[Dataset entries Boundary: Start]

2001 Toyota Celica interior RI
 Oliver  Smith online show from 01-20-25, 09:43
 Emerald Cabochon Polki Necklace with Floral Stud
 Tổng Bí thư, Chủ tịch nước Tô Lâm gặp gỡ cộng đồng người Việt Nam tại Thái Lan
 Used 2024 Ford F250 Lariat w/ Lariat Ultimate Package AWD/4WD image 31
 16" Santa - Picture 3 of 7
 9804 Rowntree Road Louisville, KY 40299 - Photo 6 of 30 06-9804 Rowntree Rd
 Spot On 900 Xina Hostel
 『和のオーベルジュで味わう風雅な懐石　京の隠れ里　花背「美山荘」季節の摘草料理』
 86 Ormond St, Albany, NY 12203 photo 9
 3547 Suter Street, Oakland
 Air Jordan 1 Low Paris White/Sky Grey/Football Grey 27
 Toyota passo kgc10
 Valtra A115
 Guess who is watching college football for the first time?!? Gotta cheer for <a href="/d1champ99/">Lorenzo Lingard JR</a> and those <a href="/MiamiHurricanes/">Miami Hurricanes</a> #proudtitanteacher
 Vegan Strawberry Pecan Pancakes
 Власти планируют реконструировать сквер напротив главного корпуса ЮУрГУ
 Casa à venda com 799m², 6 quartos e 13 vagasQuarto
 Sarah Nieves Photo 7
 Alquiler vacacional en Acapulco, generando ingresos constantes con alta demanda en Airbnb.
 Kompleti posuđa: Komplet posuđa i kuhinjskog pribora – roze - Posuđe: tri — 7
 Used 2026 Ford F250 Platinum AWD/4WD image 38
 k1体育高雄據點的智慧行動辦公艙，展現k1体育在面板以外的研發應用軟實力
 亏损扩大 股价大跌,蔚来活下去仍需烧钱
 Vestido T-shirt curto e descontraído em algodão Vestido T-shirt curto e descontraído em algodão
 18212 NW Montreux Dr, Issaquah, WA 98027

[Dataset entries Boundary: End]

* Task requirements
Scan the material above for lines holding "Used" and copy each of them.

* Answer for this exercise
 Used 2024 Ford F250 Lariat w/ Lariat Ultimate Package AWD/4WD image 31
 Used 2026 Ford F250 Platinum AWD/4WD image 38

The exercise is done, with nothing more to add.